The statement followed the agency’s claims on September 18 in which it said it had uncovered a plan by former officials of the previous United National Movement Government to cause “civil unrest” and overthrow the country’s Government using a “Euromaidan scenario” in November and December, through use of public fallout of the potentially negative decision by the European Union bodies on granting Georgia the bloc’s membership candidate status later this year.
The body said it had been monitoring the group, which it said involved Giorgi Lortkipanidze, the former UNM Deputy Minister of Internal Affairs and currently the Deputy Head of the Ukrainian military intelligence, Mikheil Baturin, a former member of the security detail of the former Georgian President Mikheil Saakashvili, and Mamuka Mamulashvili, the commander of the Georgian Legion fighting in the ongoing Ukraine war, and alleged the efforts had been “coordination and financed” from abroad.

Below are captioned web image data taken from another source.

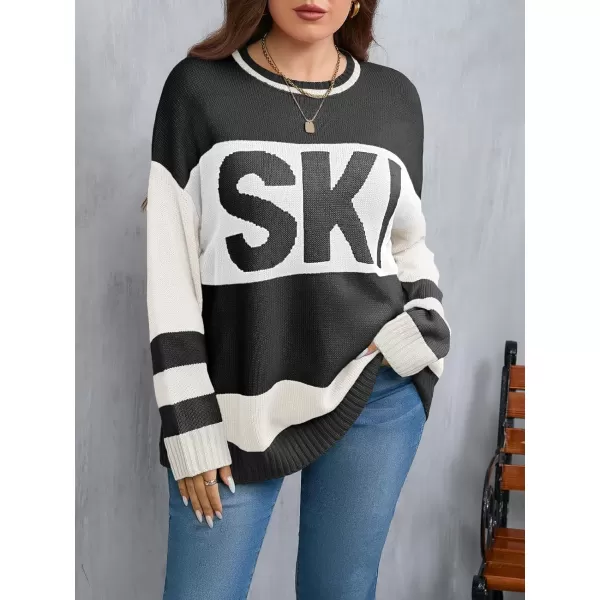 imageBeautife Womens Plus Size Color Block Sweater Ski Print Fall Trendy Crew Neck Long Sleeve Loose Pullover Knit TopsBlack and White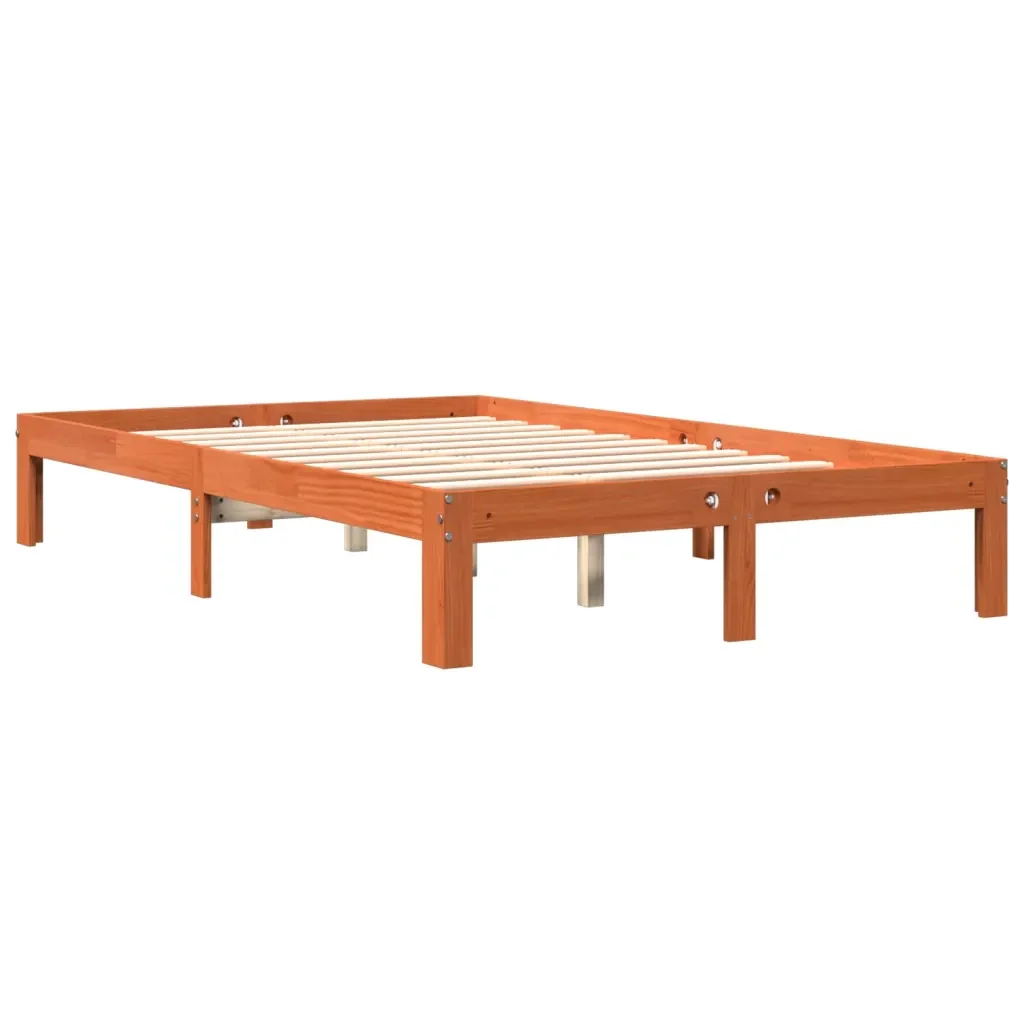 Letto matrimoniale | Letto per adulti | Giroletto senza Materasso Marrone Cera 140x200cm Massello Pino - Image 6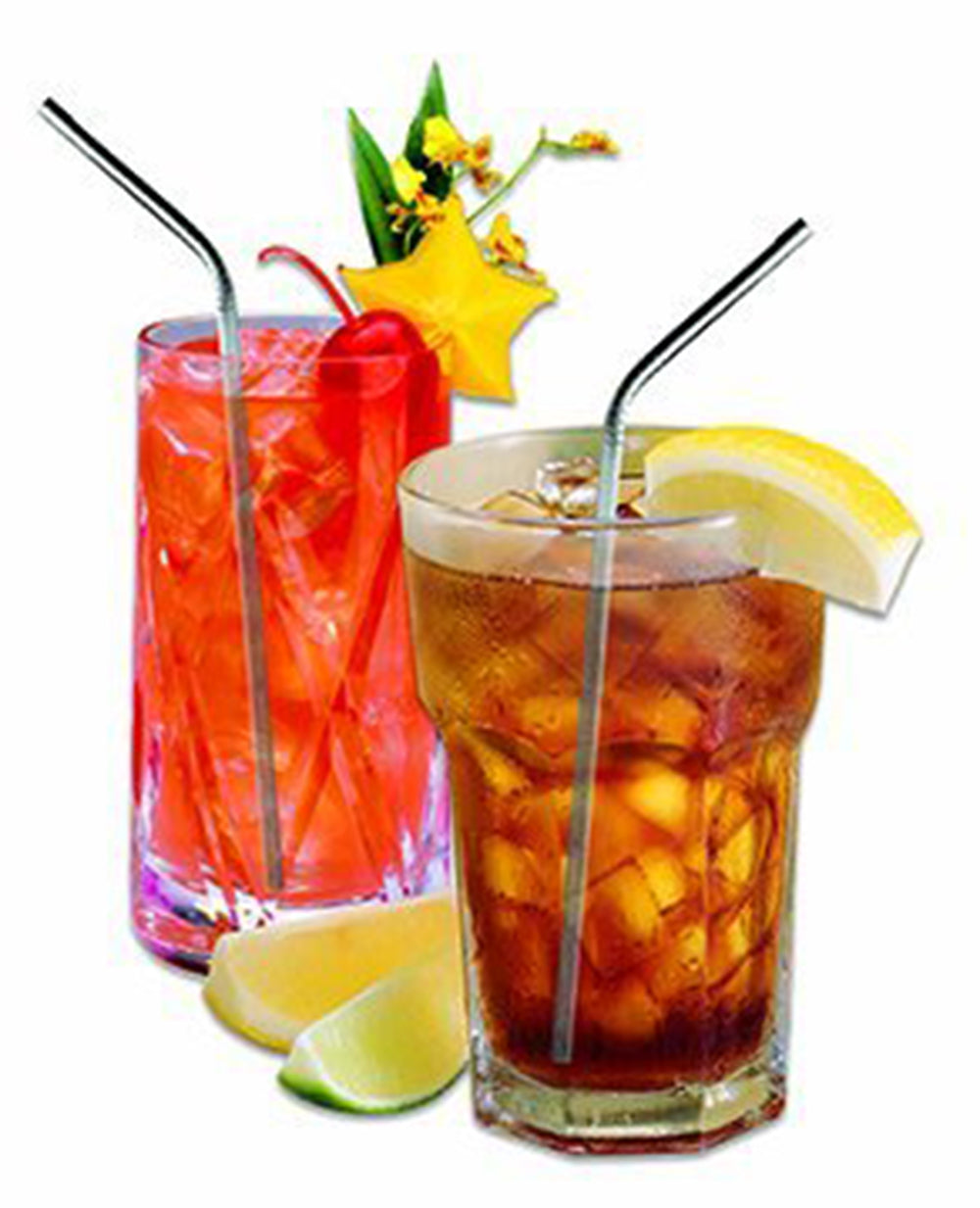 Reusable Stainless Steel Drinking Straws Metal Two Different Styles Multi Packs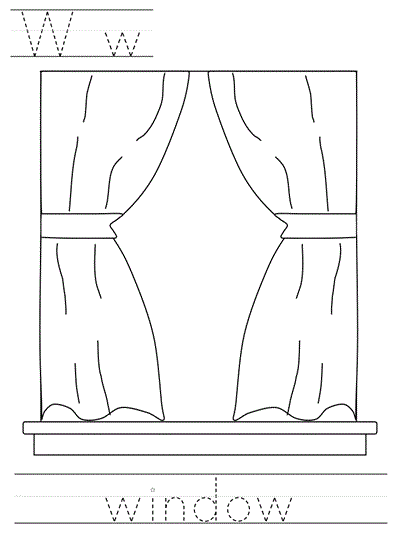 Learn to Print coloring page - Ww window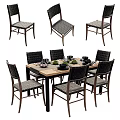Modern Wooden Dining Table Set With Six Upholstered Chairs And Classic Design Elements 3d model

In its latest claims, the agency said Sinisa Sikman, Jelena Stojsic and Slobodan Djinovic from Canvas - an NGO founded in 2005 in Serbia to “advocate for the use of nonviolent resistance in the promotion of human rights and democracy”, had arrived in Tbilisi with the stated goal to “train culture sector representatives” in "strategic, non-violent struggle".
However, it said the “genuine reason” of the visit was to train Georgian organisations and individuals for the “planned protests and unrest” this fall, and added a “large group” had been trained in a Tbilisi-based hotel between September 26-29.
The body also noted the participants had been trained in “acting against target groups”, namely the Government, the Orthodox Church, the State Security Service and other agencies, as well the “techniques of blocking buildings and creating artificial traffic jams”, and setting up tents in front of administrative buildings.
The training also involved “creating tensions in the law enforcement structures” and alleged violence towards police, as well as financial matters related to protests, the agency added.
The SSS claimed the invited facilitators - who it said were interviewed at the agency around the purpose of their work on September 29 where they denied the allegations before departing on the following day - were “connected with revolutionary scenarios” in Tbilisi prior to the Rose Revolution in 2003, and similar developments in Serbia, Ukraine and “other states”.
They were actively teaching methods of creating emotional conditions for protest and tactics of conducting violent actions. Sikman and Djinovic were former members of Otpor organisation [formed in Belgrade in 1998 in response to a controversial piece of legislation in Serbia], an analogue of the Georgian organisation Kmara [a civil, youth resistance movement in Georgia before and during the Rose Revolution]”, the SSS said.
The body also released a piece of alleged video evidence it said had been obtained as a result of a confidential investigation with a judge ruling, before it was declassified by a prosecutor due to “growing public interest in the case”.